I kinda like your "grown-up BMX" styling.
MY RIDES: My Velospace Profile
Well the story is a long one, but I figured that here would be as good a place as any to tell it.
I've been riding my Cecil Walker custom-build Reynolds 531 frame since 1994. It was the first 'real' bike I ever owned and I bought it with my money from my part-time job at university. When I moved to England in 2006 I worked for a company that dealt with ATB, the distributors for Wilier in the UK. Many people at the company rode Wiliers on the lunchtime rides (the factory was located in beautiful rural Oxfordshire so the lunchtime rides were spectacular). I almost bought one in 2007 (maybe a Mortirolo from memory?) but decided on a ski holiday in Austria instead (it was one or the other).
When I returned to Australia I couldn't commute to my job and the weekends were full of parenting so the bike went back into the shed for a year until I started commuting once a week to a new job in the city. The next year the commuting was 2-3 times a week and all through the winter. I began to return to all the old rides that I used to do in my youth and found that I was much fitter and stronger than in my 20's. However, the bike was now requiring lots of maintenance to keep it on the road (e.g. replacement rear derailleur, seat post bolt snapping) and so the wife gave financial clearance for a new bike. At this point I thought my budget would be at a Trek Madone 5/Giant TCR Advanced/Focus Izalco level. The new bike would be a bike for now, not a 'lifer' like my current steel roadie. Originally I figured a rough breakdown of $1000 on wheels, $1000 on a frameset and $1000 on groupset would make a good ride.
At this point, when my Dad found out I was getting a new bike he said I 'had to get a titanium one'. He's a real bike nut (one of the reasons I got into cycling) and his retirement present to himself was a Litespeed touring bike which he bought in the late 1990's. When I replied that a titanium bike was out of my budget, he said he'd pitch in some cash, at which point the budget began to embrace a Lynksey frame.
By this point I had test ridden a Trek Madone 4, Giant TCR/Defy Advanced and a Moots CR. I had considered a Wilier Izoard and Focus Izalco Pro as well.

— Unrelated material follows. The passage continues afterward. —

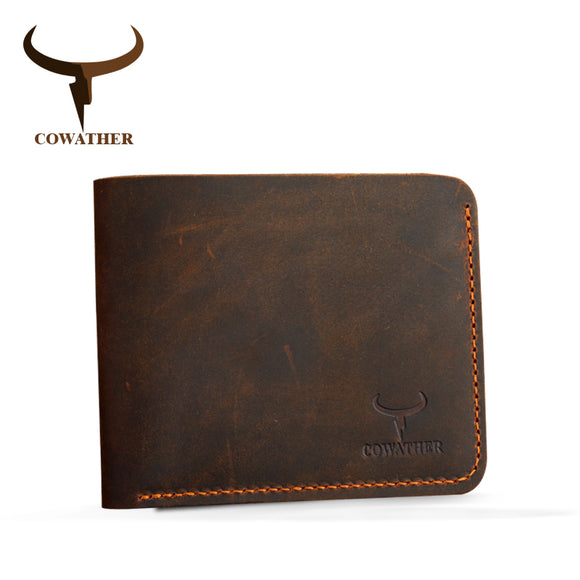 Crazy horse vintage genuine leather wallet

At the same time I was helping Dad start up a new business. We made a sale a few months later and subsequently he said that some of the corporate profits could go towards a new bike. "Get the best" he said, to which I replied that he should be careful what he says as there is a bike builder in Geelong who builds titanium frames and who has a world-class reputation, but his frames are very expensive. The price for the Baum Romano (entry level frame with straight tubing) was pretty close to the Moots CR so I decided to visit the Baum factory and talk to Darren for a while to see what all the fuss was about. I have a background in mechanical engineering so I asked him lots of technical questions and I was very impressed with the depth and knowledge of his answers and his particular viewpoints regarding bicycle design.

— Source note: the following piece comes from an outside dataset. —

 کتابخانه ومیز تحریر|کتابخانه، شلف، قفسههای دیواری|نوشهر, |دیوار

So at this point I was considering a Romano with standard sized tubing would be a good bike for my needs (i.e. recreational climbing). This soon crept up to a Cubano (mid-level butted frame) with paint. On the day of the factory fit, Darren offered to let me ride his own bike (the Corretto) as the geometry of his would be close to my bike. I decided to take him up on his offer and after belting it up and down the street a few times I was rather amazed that a metal bike could respond and feel like that. So at this point all rational thoughts began to fly out the window and I began to wonder how could I justify the Coretto frame and how on earth could I afford it.

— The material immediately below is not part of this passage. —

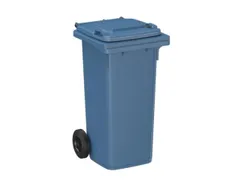 container,120l,HxBxD 933x500x550mm,deksel blauw,romp HDPE blauw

So 'we' decided to go with a Corretto frameset with no paint. However, in the interim an opportunity came up to attend a trade show attached to a scientific conference which I thought was essential to attend. Dad wasn't too keen on attending so most of the 'Baum' money was ploughed back into the business, which didn't make the wife too happy.
I picked up the frame and fork earlier in the year and it just sat around the house waiting for some additional funds to finish it. As you could imagine, while the groupset and wheelset budget was adhered to, the frameset budget was blown out of the water. But my wife got fed up with our house looking like a bicycle workshop, full of frames, wheels and groupset components lying all over the house so she said to me over the school holidays "Just get the bloody thing finished".
And so I did. It's not really a mid-life crisis bike, as I had my mid-life crisis back in my mid-30's and that manifested itself in a nice array of shoes and suits I needed a new bike and almost pulled the trigger back in 2007. This bike is more than I expected and its more than I need. Yes its a completely extravagance and honestly a waste of money. But I've shown form for holding onto bikes for a long time and I'm hopeful that after 10 years or so the Baum would begin to represent good value.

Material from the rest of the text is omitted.